In the study above, we found that active optical radiation manipulation of resonant metasurfaces can be realized using GST with different crystallization ratios by introducing significant refractive index contrasts and absorption. Here, we supplement the demonstration of the tunable mechanism by investigating the radiation properties of the metasurfaces when the thickness of the GST film is changed. Figure 4 shows the multipole interference for different GST thicknesses ($h$=20, 30, 40 and 50 nm), with $m$=0 and a nanodisk height of 210 nm. The dark blue dashed line represents the transmission. As the thickness of the GST film increases, the resonance is also red-shifted because the effective refractive index of the nanostructures increases. A broader bandwidth and reduced extinction ratio are ascribed to a larger loss in the GST thin film. According to the scattered power spectra of the multipoles, the toroidal response is gradually suppressed, and the destructive inference between the toroidal and electric dipoles becomes remarkable; ultimately, a weak anapole mode is produced. This mode will disappear entirely when the thickness of GST is too high owing to the larger material loss. These results, which supplement the explanation of the phenomena produced using GST at different crystallization ratios, also confirm that the variation of the refractive index and absorption play significant roles in the active radiation manipulation. Note that the thickness of the GST film is fixed once the metasurface is fabricated. Hence, controlling the crystallization ratio of the GST is a more flexible method of manipulating the optical radiation.

5. Conclusion

In conclusion, we investigate the optical radiation manipulation of a resonant Si metasurface by introducing a phase changing material (a GST film). A double-nanodisk array is designed to support strong toroidal dipole excitation at a wavelength of 1550 nm. When the GST film is added, the toroidal response is suppressed owing to material loss, whereas the electric response remains almost the same. Thus, a distinct destructive interference effect between the toroidal and electric dipoles suppresses the total scattered power, exciting a weak anapole mode. The strength and position of this mode can be flexibly controlled by changing the crystallization ratio of the GST film. In addition, the effect of the GST thickness on the optical radiation is also investigated to demonstrate the tunable mechanism. Our work is the first to suggest that introducing a phase changing material can produce a weak anapole mode from a metasurface supporting strong toroidal responses. Our findings reveal the physics behind active optical radiation manipulation and may provide a potential route to tunable metadevices with broader applications.

Appendix

A. Electromagnetic simulations and multipole decomposition

The FDTD method is used to calculate the transmission spectra, planar field distributions, and current density distribution in the nanostructures. The steric field distributions and three-dimensional far-field radiation pattern in Fig. 1 are obtained using COMSOL Multiphysics. In the simulation, periodic boundary conditions are set in the $x$ and $y$ directions, and perfectly matched layers are set in the $z$ direction. The incident light propagates in the $z$ direction, and the electric field is parallel to the $y$ direction. The complex dielectric constants of Si and ${\rm{SiO}_{2}}$ are taken from Palik [63].

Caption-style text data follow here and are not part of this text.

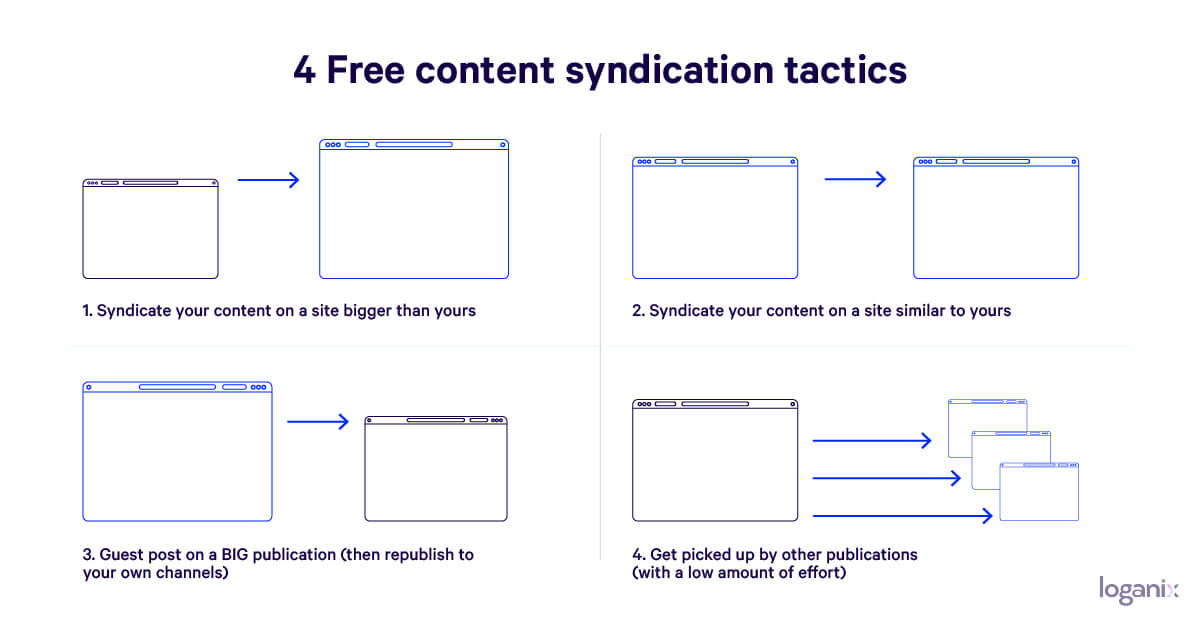 Content-Syndication-Taktiken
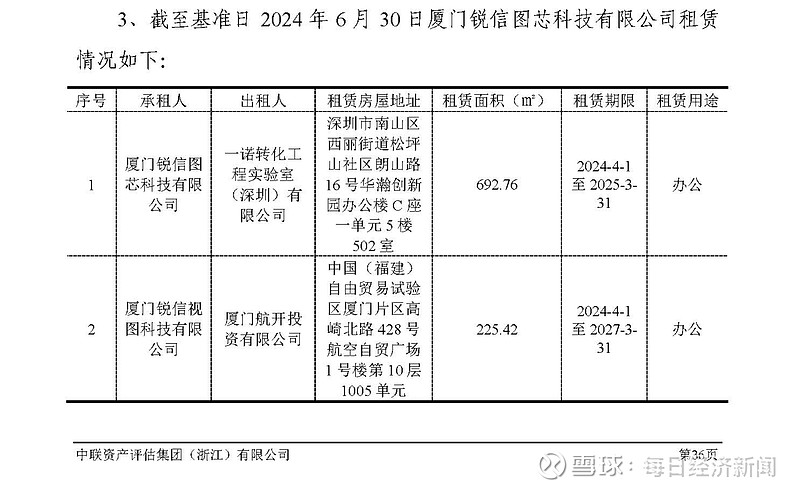 华东重机溢价近70倍并购GPU芯片公司 后者员工合计20多人、评估值约2亿元 今年10月8日， 华东重机 （002685.SZ，股价6.13元 ...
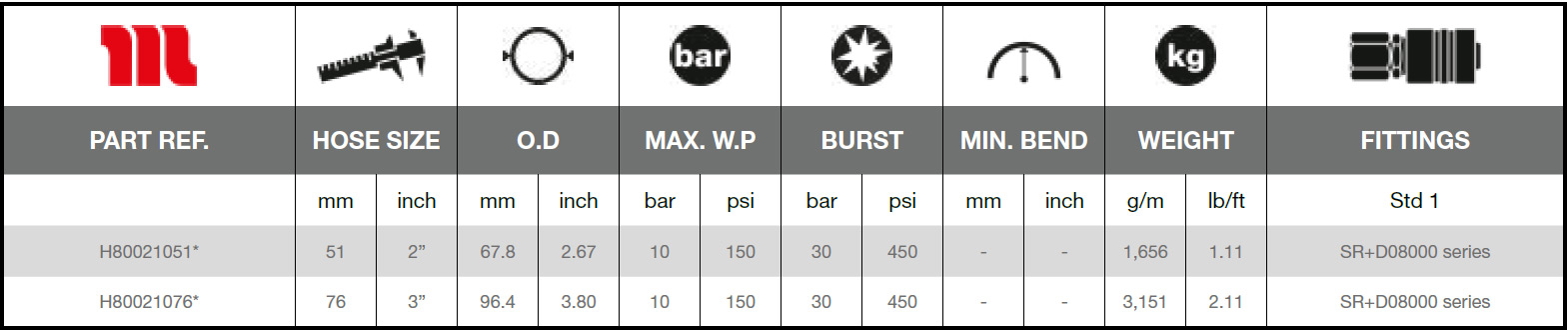 Manuli-Abra-Service-10-D-Technical-Data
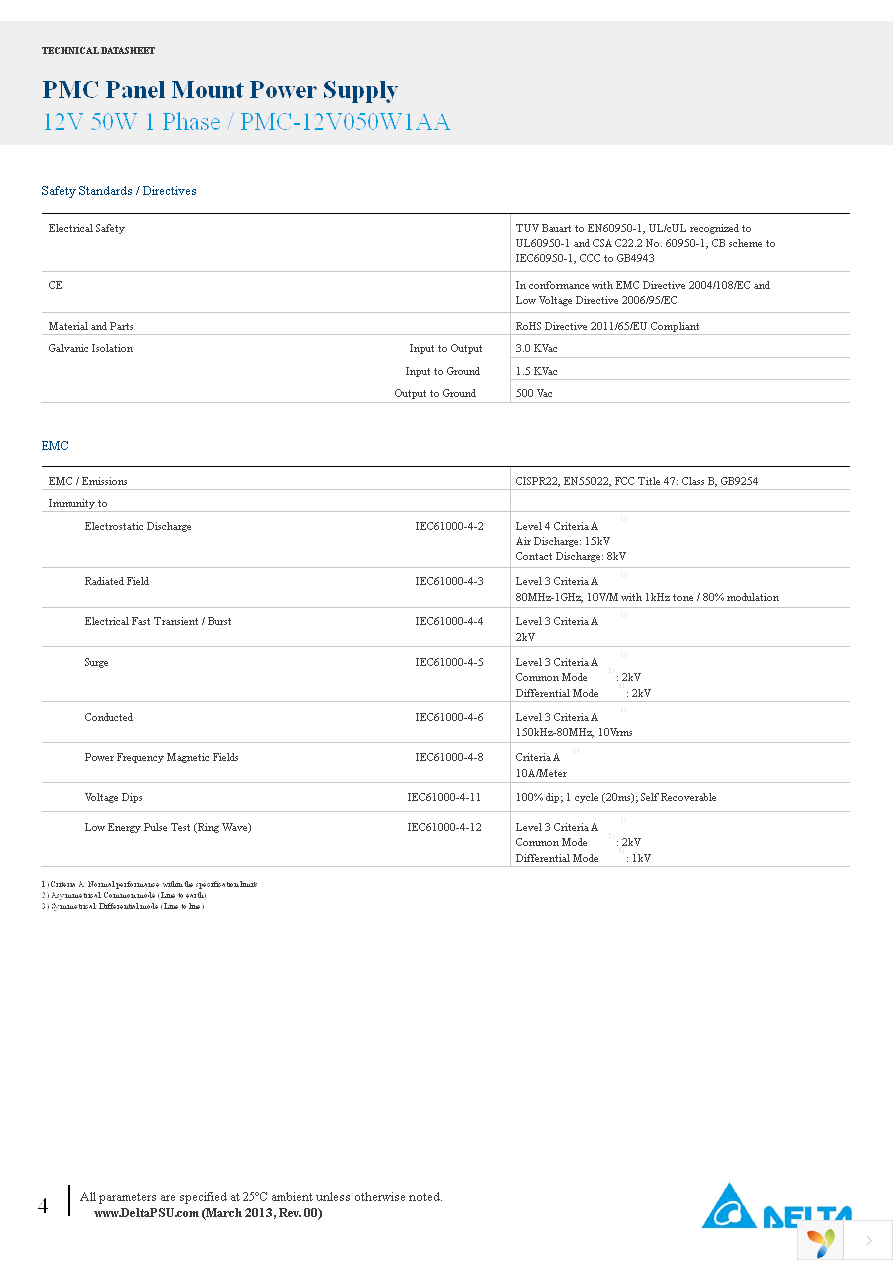 PMC-12V050W1AA Page 4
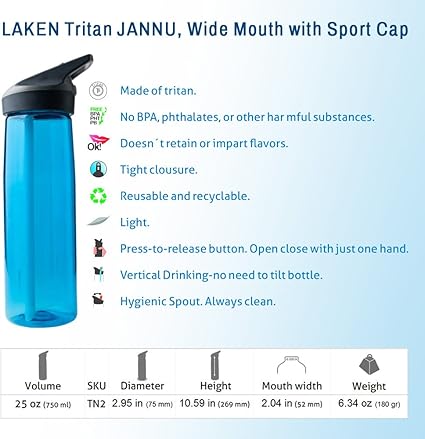 Laken Canteens & Water Bottle's Tritan Water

Cartesian electromagnetic multipole decomposition is used to analyze each moment and its contribution to the far-field radiation. The multipole moments can be defined as [3,29] electric dipole moment:

(2)$$\vec P = \frac{1}{i\omega}\int {\vec j{d^3}r} ,$$

magnetic dipole moment:

(3)$$\vec M = \frac{1}{2c}\int {(\vec r \times \vec j){d^3}r} ,$$

toroidal dipole moment:

(4)$$\vec T = \frac{1}{10c}\int {[(\vec r \cdot \vec j)\vec r - 2{r^2}\vec j]{d^3}r} ,$$

electric quadrupole moment:

(5)$$Q_{\alpha \beta }^{(e)} = \frac{1}{2i\omega }\int {[{r_\alpha }{j_\beta } + {r_\beta }{j_\alpha } - \frac{2}{3}(\vec r \cdot \vec j){\delta _{\alpha ,\beta }}]{d^3}r} ,$$

magnetic quadrupole moment:

(6)$$Q_{\alpha \beta }^{(m)} = \frac{1}{3c}\int {[{{(\vec r \times \vec j)}_\alpha }{r_\beta } + ({{(\vec r \times \vec j)}_\beta }{r_\alpha })]{d^3}r} ,$$

where $c$ and $\omega$ are the speed and angular frequency of light, respectively, and $\alpha , \beta =x, y, z$. $\vec {j}=-i\omega \epsilon _{0} (n^2-1) \vec {E}$ is the current density distribution in a unit cell. The far-field scattered power of these multipole moments can be calculated using the following formulas: ${I_P} = \frac {2{\omega ^4}}{3{c^3}}{\left | \vec P \right |^2}$, ${I_M} = \frac {2{\omega ^4}}{3{c^3}}{\left | \vec M \right |^2}$, ${I_T} = \frac {2{\omega ^6}}{3{c^5}}{\left | \vec T \right |^2}$, ${I_{Q^{(e)}} = \frac {\omega ^6}{5{c^5}}\sum {\left | {Q _{\alpha \beta }^{(e)}} \right |}^2}$, and ${I_{Q^{(m)}} = \frac {\omega ^6}{40{c^5}}\sum {\left | {Q _{\alpha \beta }^{(m)}} \right |}^2}$. The total scattered power of the multipole moments can be given as [29]

(7)$${I_{total}} = I_P+I_M+\frac{4{\omega ^5}}{3{c^4}}(\vec P \cdot \vec T)+I_T+I_{Q^{(e)}}+I_{Q^{(m)}}+O(\frac{1}{c^5}) ,$$

where $\frac {4{\omega ^5}}{3{c^4}}(\vec P \cdot \vec T)$ is the interference term of the electric and toroidal dipoles, and $O(\frac {1}{c^5})$ has a small value.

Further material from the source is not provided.